Market Review – Fundamental Perspective
The JPY weakened versus all of its most-traded counterparts as political wrangling over the fate of Japan’s Prime Minister Yukio Hatoyama damped the allure of the JPY as a safe-haven. The Prime Minister met late with Ichiro Ozawa yesterday, the party’s No. 2 official and architect of its 2009 election victory, to discuss his future. The GBP rose to the strongest level in 18 months versus the EUR after reports showed that U.K.’s house prices had their biggest annual gain in more than 2 ½ years in April and manufacturing stayed at the strongest level in more than 15 years last month. Also the GBP/USD climbed yesterday on bets that Prudential Plc.’s $35.5 bln takeover of American International Group Inc.’s main Asian unit may fail, easing concern the accord will prompt outflows of the GBP. The U.S. ISM manufacturing index grew in May at a faster pace than forecasted as factories added workers to meet the greatest export demand in two decades as well as a revival in domestic orders. The EUR/USD fell to 1.2111 yesterday to its lowest level from 1.2306 at its opening. It was the lowest level since more than four years.

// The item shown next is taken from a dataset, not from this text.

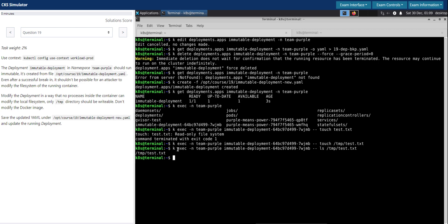We have made the deployment or the pod immutable now with an exception that it can write to the temp directory. So that's it for this question and thanks for your time.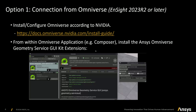For option one, you first need to install and configure Omniverse according to NVIDIA and follow the instructions there. Once you have Omniverse installed, open up an application — in this example, Composer — and we want to install the Ansys Omniverse Geometry Service GUI kit extension. You can find that under third-party and search for Ansys.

The Bank of Canada raised its target rate for overnight loans between banks by 25bps to 0.50, the first Group of Seven country which increased rates since last year’s global recession. Nevertheless the CAD declined on June 1st against 13 of its 16 most-traded counterparts as the central bank said after its rate decision that the move today will be “weighed carefully” against growth in Canada and elsewhere, sowing uncertainty over the pace of further raises.
The AUD/NZD fell to the lowest level in a week as traders bet New Zealand’s central bank will increase the benchmark rate from a record low this month. The AUD/USD recovered after three days of decline on concern that a report may show that the nation’s economy expanded in the first quarter of 2010.